In order to see the impact of service quality on consumer behavior, we consider quality as an input variable. First, service providers determine their service quality and then compete with others on the market price at the same time. To solve this problem, we consider four scenarios.

In the first scenario, both Internet service providers offer the same level of the low-quality Internet, in the second scenario, the smaller service provider has a higher Internet quality than the other, in the third scenario, both service providers offer the same level of high-quality Internet, and in the last scenario, more significant service provider offers high-quality Internet, and the smaller service provider offers low-quality Internet. In order to show the quality difference between service providers in this research, we represent a higher quality Internet with \(q\) and lower quality with \(mq\), where \(0 < m < 1\). We discuss four scenarios separately. The result will be shown in the next section.

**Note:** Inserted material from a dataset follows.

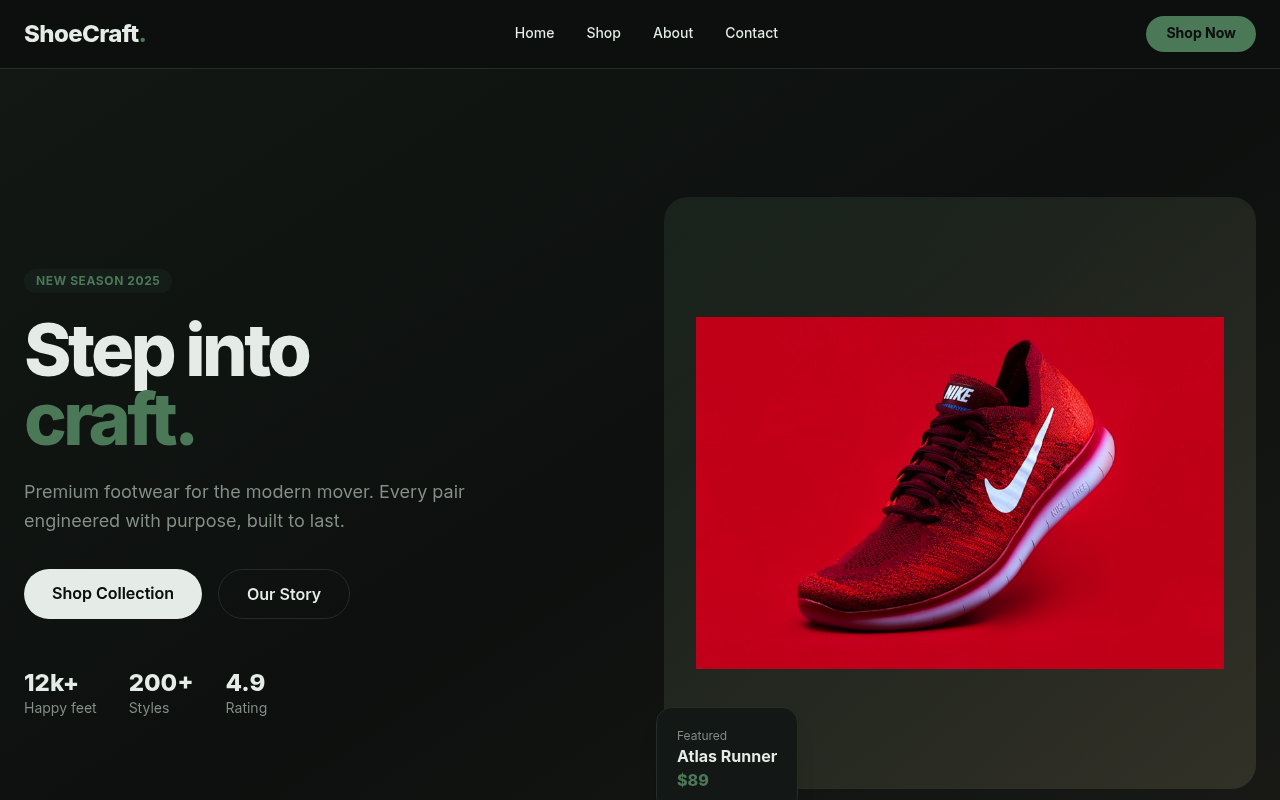 as shoe craft mAKE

In the first scenario, both service providers with low-quality Internet compete in the market. So, \(q_{1} = q_{2} = mq\); therefore, to solve and find Nash equilibrium, we can use a backward induction method to obtain the variables. We formed a two-stage competition in which in the first stage, we assume the network prices are given and try to determine the market price by simultaneously maximizing the profits of the network providers. In the next stage, service providers compete in the market to determine their network price based on maximizing their profits. By obtaining the optimal market prices, we can use them in the demand functions and determine the network prices. If we place \(q_{1} = q_{2} = mq\) in Eqs. (2) and (3) and then maximize Eq. (8) based on market prices, we can derive the optimal market prices as follows:

$$p_{1} = \frac{{ - 2 - 2w_{1} - \left( {w_{2} + \alpha } \right)\gamma + mq\left( {2 + \gamma } \right)\left( { - 1 + \mu } \right)}}{{ - 4 + \gamma^{2} }}$$
(9)
$$p_{2} = \frac{{ - 2\left( {w_{2} + \alpha } \right) - \left( {1 + w_{1} } \right)\gamma + mq\left( {2 + \gamma } \right)\left( { - 1 + \mu } \right)}}{{ - 4 + \gamma^{2} }}$$
(10)

where the optimal equilibrium prices are derived based on \(w_{1}\) and \(w_{2}\). Now, by plugging in the optimal equilibrium prices in Eqs. (2) and (3), at this stage, we maximize the profits of service providers based on \(w_{1}\) and \(w_{2}\). To derive optimal network prices, we maximize Eq. (7) based on network prices as follows:

$$w_{1} = \frac{{8 + 6\alpha \gamma - 3\gamma^{2} - 2\alpha \gamma^{3} + r\left( { - 2 + \gamma^{2} } \right)\left( { - 4 + \gamma \left( { - 1 + 2\gamma } \right)} \right) + mq\left( {2 + \gamma } \right)\left( { - 4 + \gamma \left( { - 1 + 2\gamma } \right)} \right)\left( { - 1 + \mu } \right)}}{{16 - 17\gamma^{2} + 4\gamma^{4} }}$$
(11)
$$w_{2} = \frac{{8\alpha + 6\gamma - 3\alpha \gamma^{2} - 2\gamma^{3} + r\left( { - 2 + \gamma^{2} } \right)\left( { - 4 + \gamma \left( { - 1 + 2\gamma } \right)} \right) + mq\left( {2 + \gamma } \right)\left( { - 4 + \gamma \left( { - 1 + 2\gamma } \right)} \right)\left( { - 1 + \mu } \right)}}{{16 - 17\gamma^{2} + 4\gamma^{4} }}$$
(12)

By obtaining \(w_{1}\) and \(w_{2}\) in terms of parameters and plugging into Eq. (9) and (10), the prices in the market can be obtained according to the parameterazation and by having the optimal value \(w_{1}\) and \(w_{2}\) and \(p_{1}\) and \(p_{2}\), all variables including service volume or demand in the market, profit functions of network providers and service providers can also be derived. Here all the optimal values of variables for scenario 1 have been calculated by Wolfram Mathematica version 9.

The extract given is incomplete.